The Crack

The Veneer Cracks:

Human Rights Watch was recently reporting from Venezuela:

On September 18, we released a report in Caracas that shows how President Hugo Chávez has undermined human rights guarantees in Venezuela. That night, we returned to our hotel and found around twenty Venezuelan security agents, some armed and in military uniform, awaiting us outside our rooms. They were accompanied by a man who announced—with no apparent sense of irony—that he was a government "human rights" official and that we were being expelled from the country.

With government cameramen filming over his shoulder, the official did his best to act as if he were merely upholding the law. When we said we needed to gather our belongings, he calmly told us not to worry, his men had already entered our rooms and "packed" our bags.

But when we tried to use our cell phones to get word to our families, our colleagues, and the press, the veneer of protocol quickly gave way. Security agents surrounded us, pried the phones from our hands, and removed and pocketed the batteries. When we then insisted on contacting our embassies, they shoved us into a service elevator, took us to the basement, and forced us into the back seat of an SUV with tinted windows. When we asked where we were headed, they told us only that we were going to the airport.
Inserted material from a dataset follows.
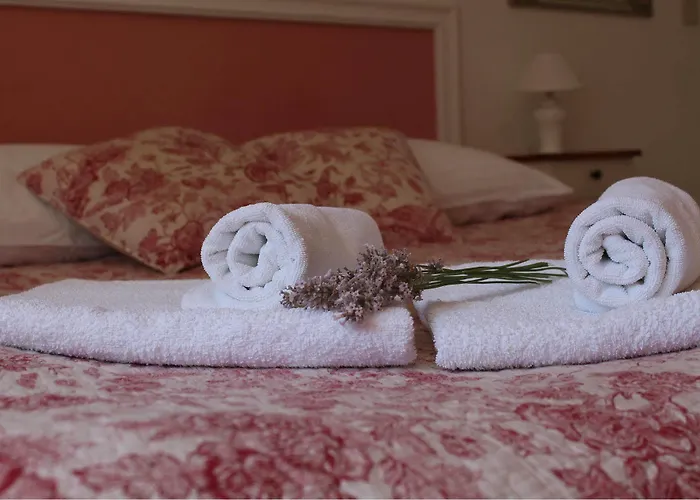 Mandolina Lejlighed Zadar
Three security agents sat behind us, at least two with weapons drawn. One used a cell phone to receive and relay orders as we raced through the streets of Caracas and out onto a highway. At one point an order came to turn on the SUV's radio so we could listen as the state news agency announced our expulsion. The announcers told their captive audience—which also included every other Venezuelan listening to the radio, since all stations are required to broadcast such messages—that our organization was funded by the US government and that we were part of a campaign of aggression against Venezuela.
Probably news to President Bush, who has been annoyed by HRW in the past. Of course, in the United States they are free to operate without being expelled by gunpoint, and their belongings -- as their offices and papers -- are secured by the 4th Amendment.